Please do let me know when you publish your results, as I try to keep abreast of the latest FFT developments. The arithmetic complexity of FFT algorithms was extensively studied in the 1980's, when it was still considered to be a good proxy for speed (sadly no longer the case). As of 1991 [1], the lowest-known operation count for an n=64 complex DFT was 1160 flops, a record that had been set in 1968 by Yavne [2] and was later matched using a simpler algorithm by the split-radix technique. For N=2^m, this record is: flops = 4 N log2(N) - 6N + 8 (This is asymptotically 20% fewer flops than for vanilla radix 2. Note that you can trade off some multiplies for additions by using the 3 adds + 3 multiplies complex-multiply trick.) Actually, it has supposedly been rigorously proved [1] that split-radix achieves the minimal number of complex additions. There is also a rigorous lower bound [1] on the number of non-trivial complex (or real) multiplications, which split-radix can achieve up to N=16 (and it is close for larger N). For larger N, there are known algorithms that achieve the minimal number of multiplies, but they do not have fewer total flops than split-radix, and have more flops for N > 64. So, the achievable total flop count has yet not been rigorously proven. > Algorithm is
> the same as used for all my computational kernals (heavy use of > real-half-complex DFTs,) just became aware of another possible trick.
(There is the known technique of taking the real-input FFTs of the real and imaginary parts, and then combining them with (2N-4) additions. However, if you use the lowest-known operation counts for real-input FFTs [3], this gives exactly the same known flops for the complex DFT. e.g. 1160flops for n=64 from two 518flops n=64 real-input FFTs.) Cordially, Steven G. Johnson [1] P. Duhamel and M. Vetterli, "Fast Fourier transforms: A tutorial review and a state of the art," Signal Processing 19, 259-299 (1990). [2] R. Yavne, "An economical method for calculating the discrete Fourier transform," Proc. AFIPS 33, 115-125 (1968). [3] H. V. Sorensen, D. L. Jones, M. T. Heideman, and C. S. Burrus, "Real-valued fast Fourier transform algorithms," IEEE Trans. Acoust. Speech Sig. Processing ASSP-35, 849&#4294967295;863 (1987).
Reply by James Van Buskirk January 22, 20042004-01-22
"Steven G. Johnson" <stevenj@alum.mit.edu> wrote in message
news:bunj9a$hts$1@news.fas.harvard.edu...

> James Van Buskirk wrote: > > But it seems to me that split-radix requires 912 additions and 248 > > multiplications for n = 64, and 1160 isn't the minimal number of > > operations.
> What do you think is the lowest known number of operations for an n=64 > complex DFT, using what algorithm?

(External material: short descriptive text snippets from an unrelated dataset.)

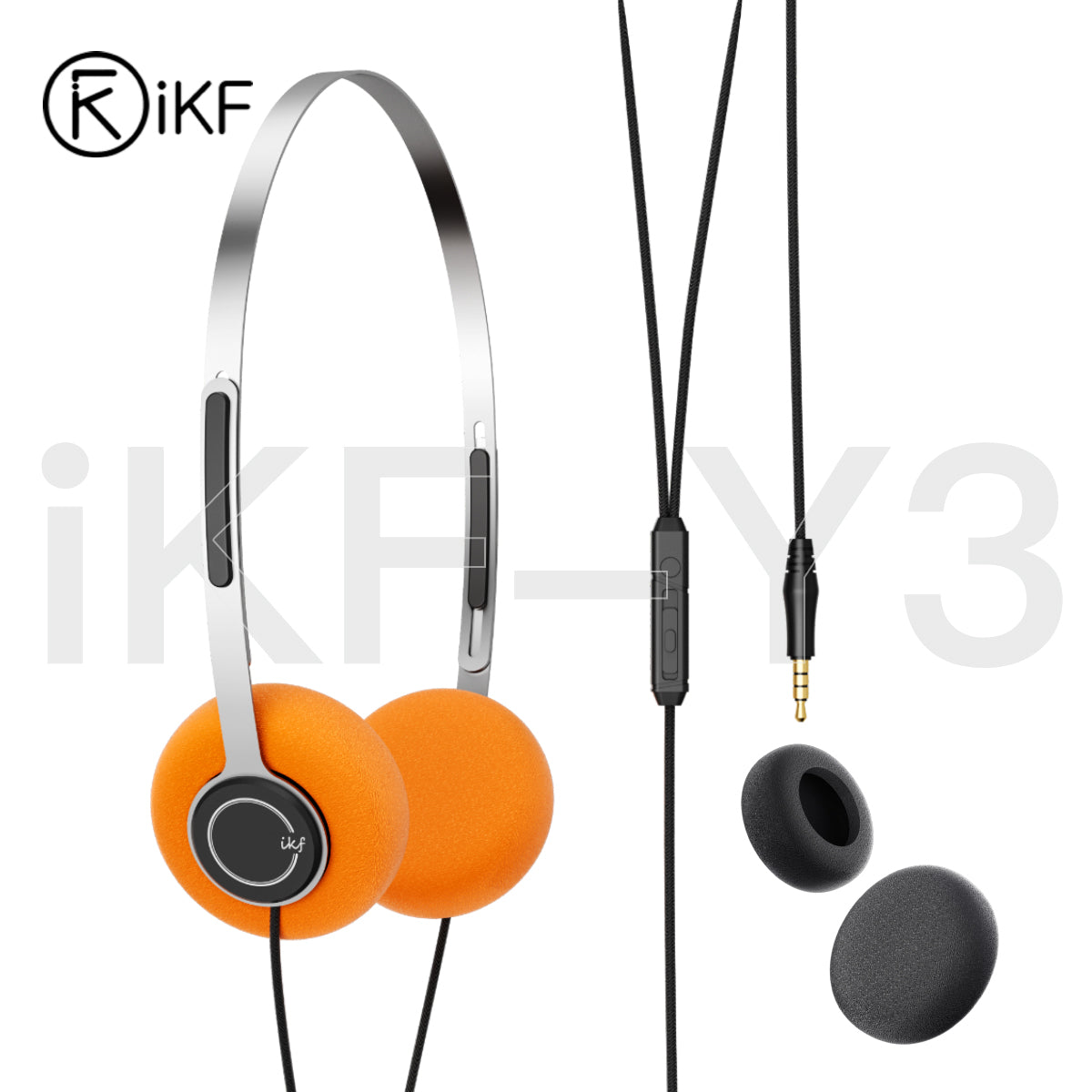 iKF Y3 Wired Stereo Headphones, Retro Style, Adjustable Headband, 3.5mm Jack, Replaceable Orange Ear Pads lightweight Suitable for Walkman, Computer 80S 90S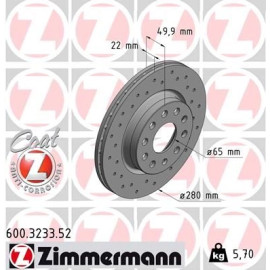 17 481 041 Sport Bremsscheibe VA Sport 600.3233.52
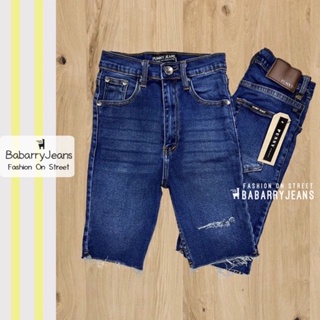 BabarryJeans กางเกงยีนส์ผู้หญิง ยีนส์สามส่วน เอวสูง กรีดขาด ผ้ายีนส์ยืด สียีนส์เข้มฟอก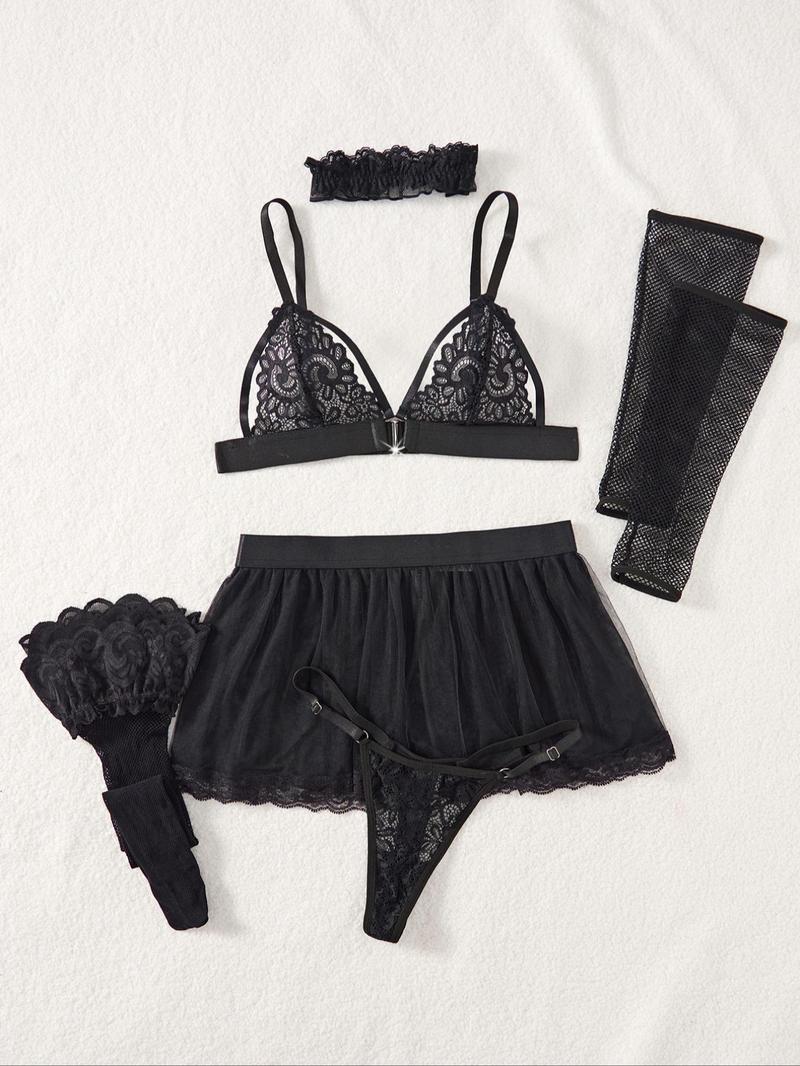 Product Introduction of Women's Floral Lace Sheer Sexy Lingerie Set, Adjustable Strap Ring Linked Bra & Thong & Skirt & Sleeves & Choker & Stockings, Lingerie Set for Women 10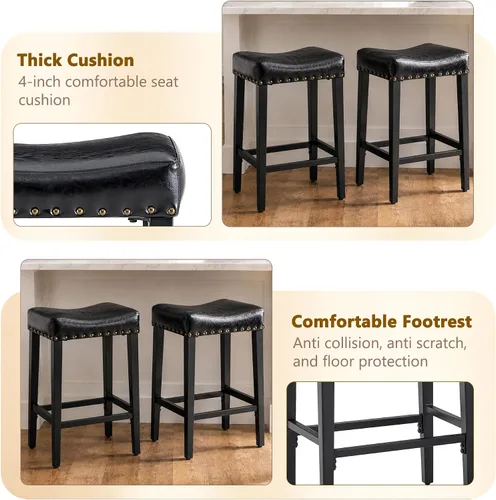 Vista 5 de Hommoo Juego de 2 taburetes de bar de 25 pulgadas de altura de mostrador para cocina, taburetes modernos de isla con espalda descubierta y sin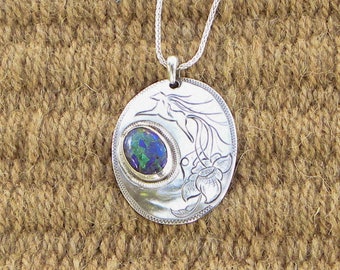 Horse Over Lapis Malachite Pendant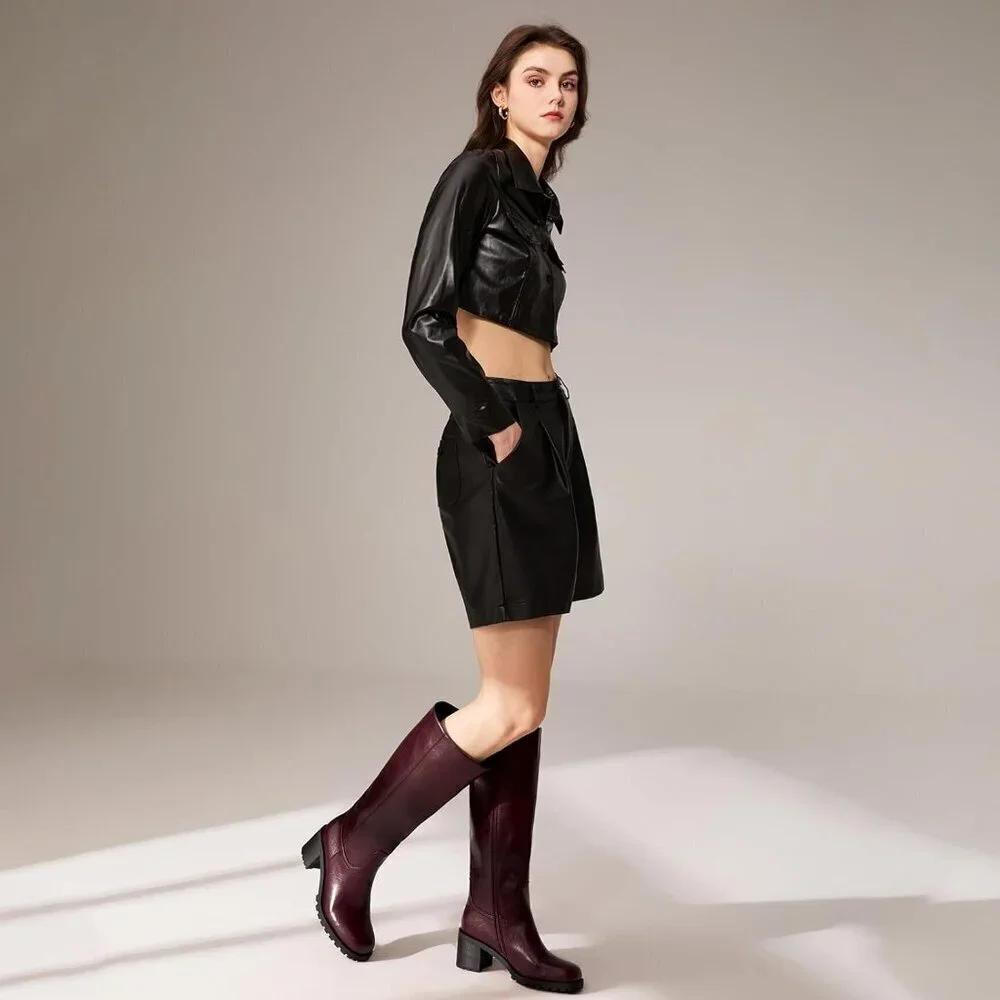 Women Brown Chunky Low Heel Square Toe Elastic Tall Boots Side Zipper PU Lea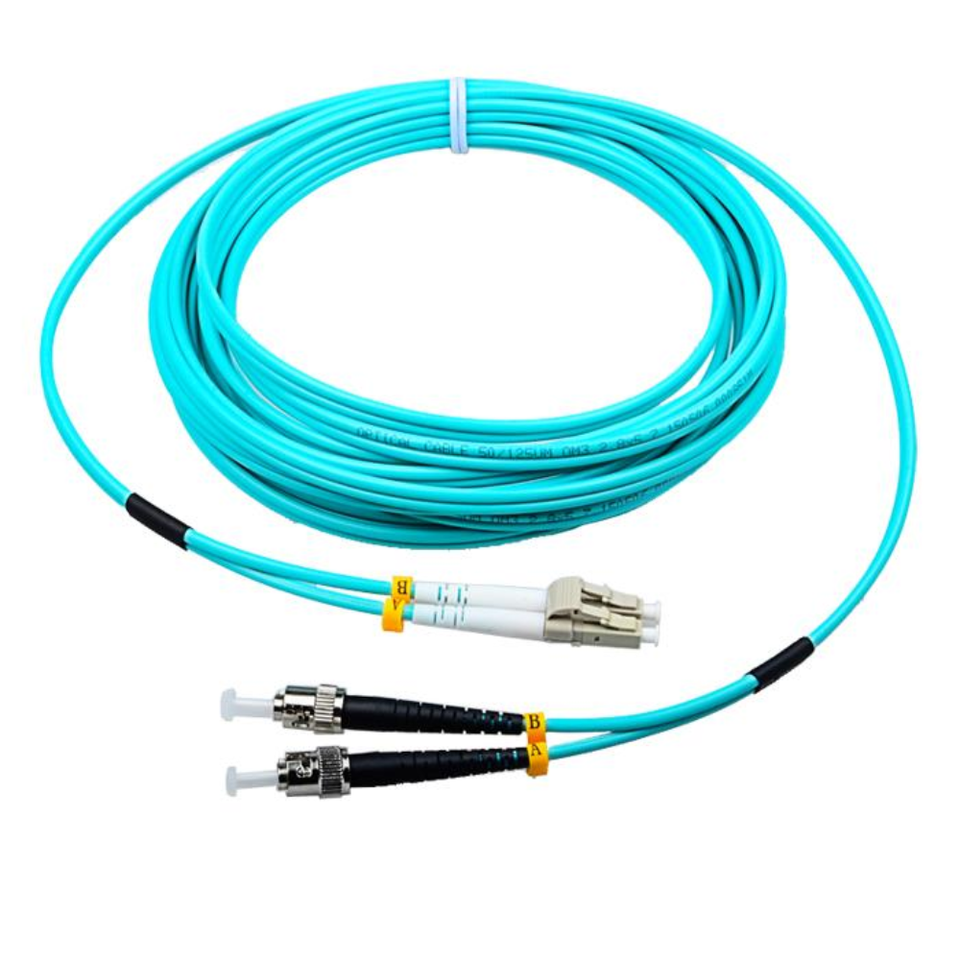 ST/UPC-LC/UPC Multimode OM3 Duplex Fiber Patch Cable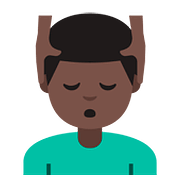 Emoji 💆🏿‍♂️ Uomo Che Riceve Un Massaggio: Carnagione Scura su Google Android 7.1.
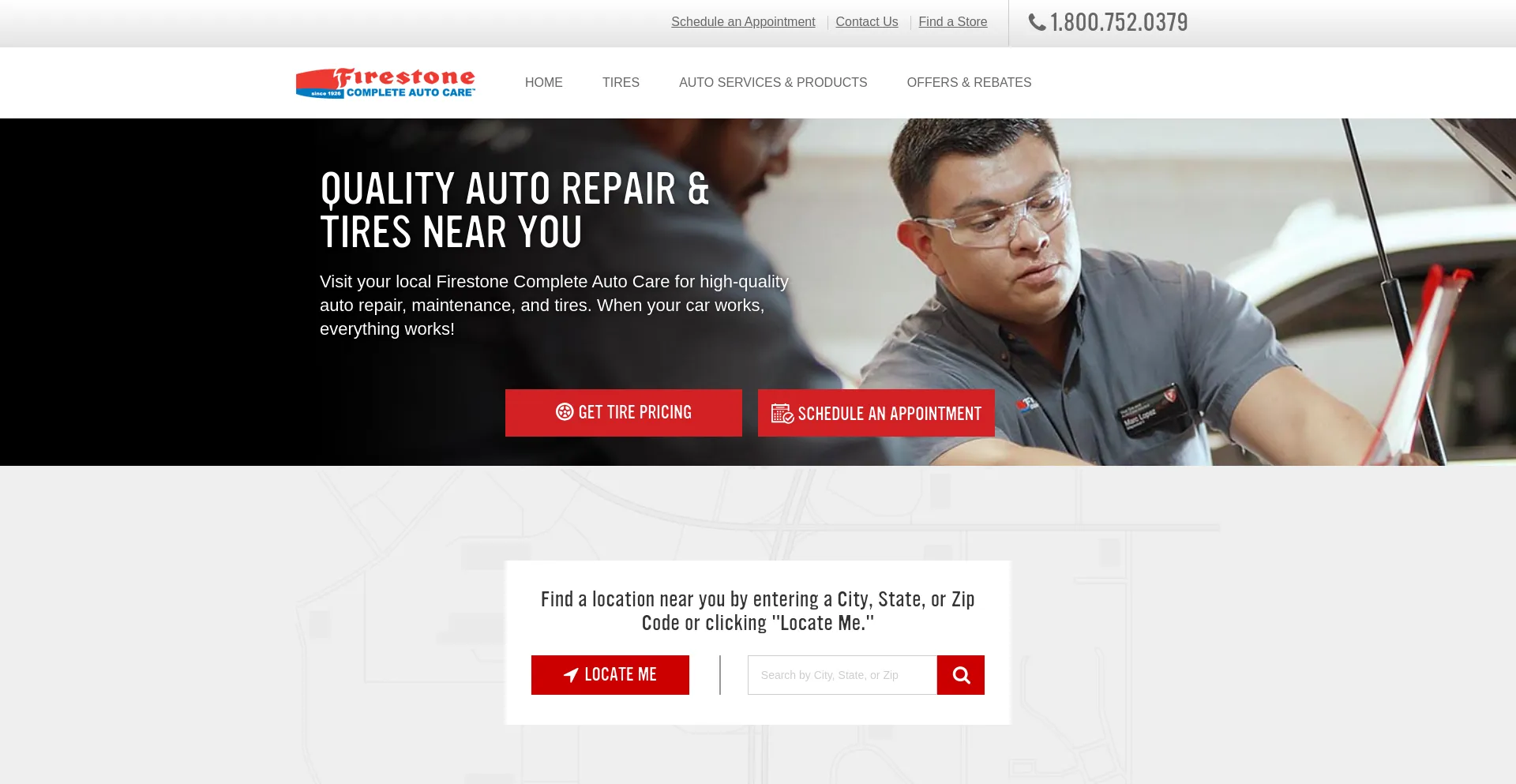 Screenshot of local.firestonecompleteautocare.com homepage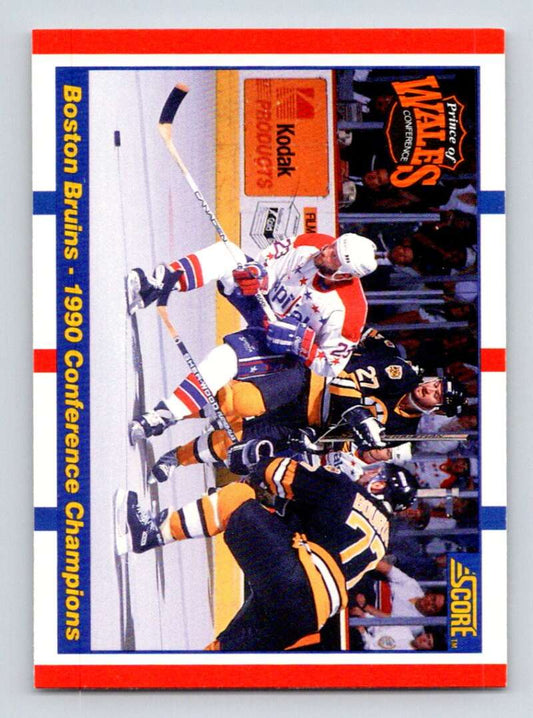 1990-91 Score Canadian Hockey #368 Boston Bruins/Washington Capitals UER   Image 1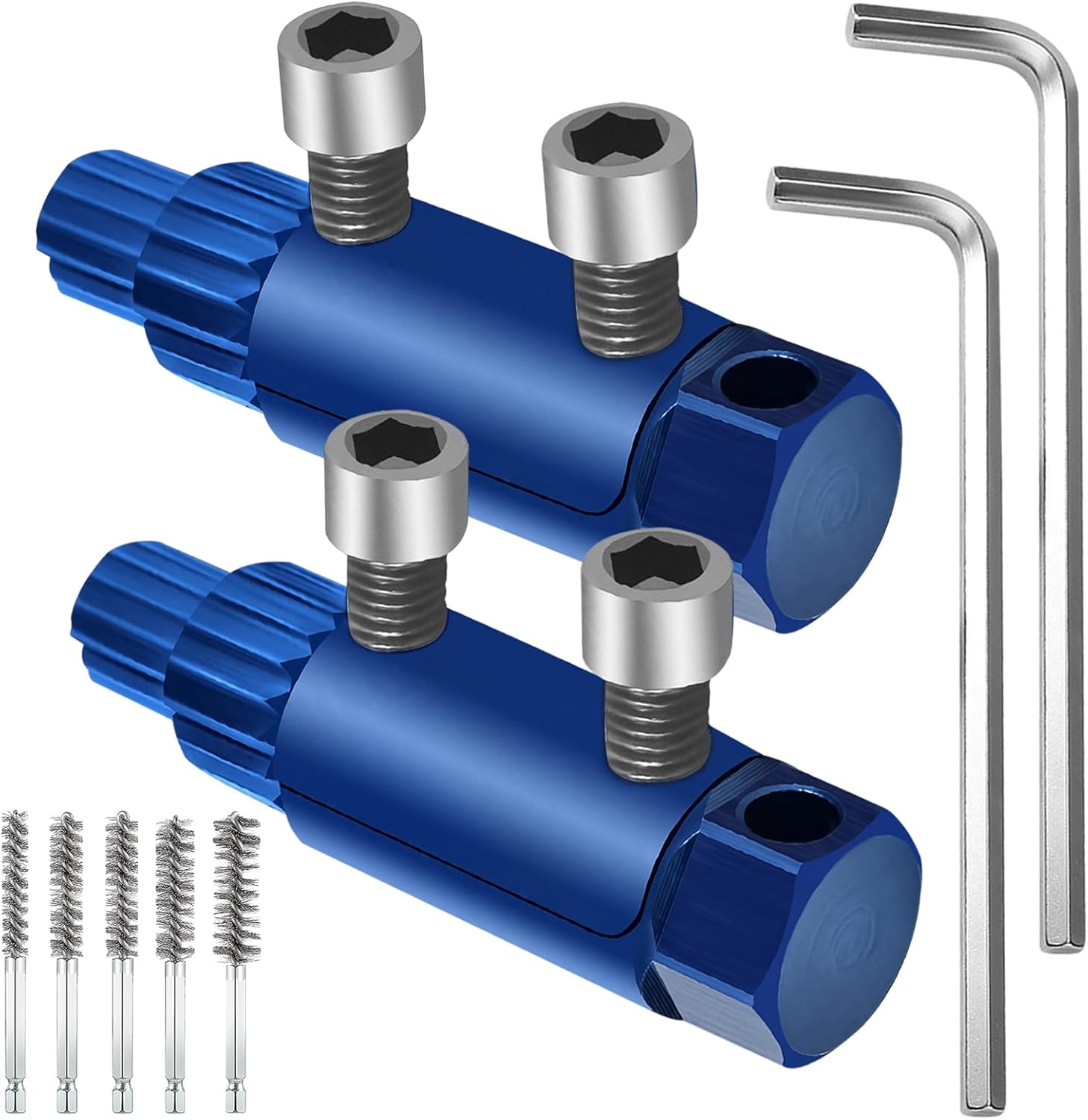 2PCS Broken Pipe Extractor Tool with 2 Hex Wrenches, Stripped Screw Extractor & Broken Faucet Removal Tool, Fits 1/2" to 1" Pipes, Pipe Extractor Tool with 5 Stainless Steel Brushes for Drill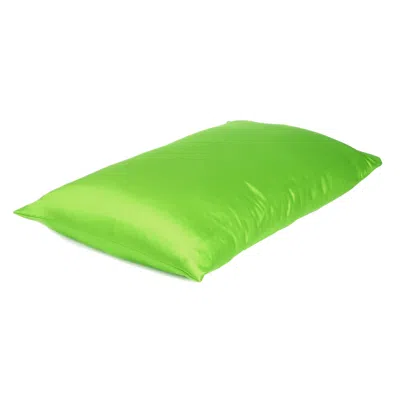 Homezia Bright Green Dreamy Set Of 2 Silky Satin Standard Pillowcases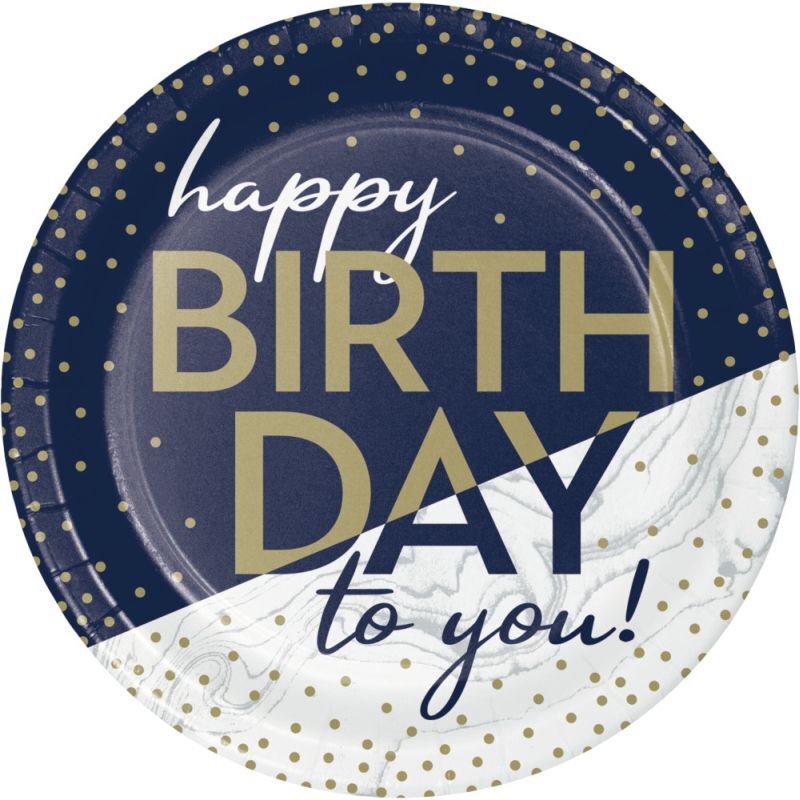 HBD NAVY & GOLD MILESTONE Plates 7" 8pcs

The best I know of is 912 additions and 240 multiplications; just figured out how to achieve this result yesterday. Algorithm is the same as used for all my computational kernals (heavy use of real-half-complex DFTs,) just became aware of another possible trick. The lowest known by anyone is a different question. The more you look at DFTs, the more you become uncertain that what you or anyone else does is optimal, even if you get to write the criteria of optimality yourself. -- write(*,*) transfer((/17.392111325966148d0,6.5794487871554595D-85, & 6.0134700243160014d-154/),(/'x'/)); end
Reply by Steven G. Johnson January 22, 20042004-01-22
James Van Buskirk wrote:
> But it seems to me that split-radix requires 912 additions and 248 > multiplications for n = 64, and 1160 isn't the minimal number of > operations.
What do you think is the lowest known number of operations for an n=64 complex DFT, using what algorithm?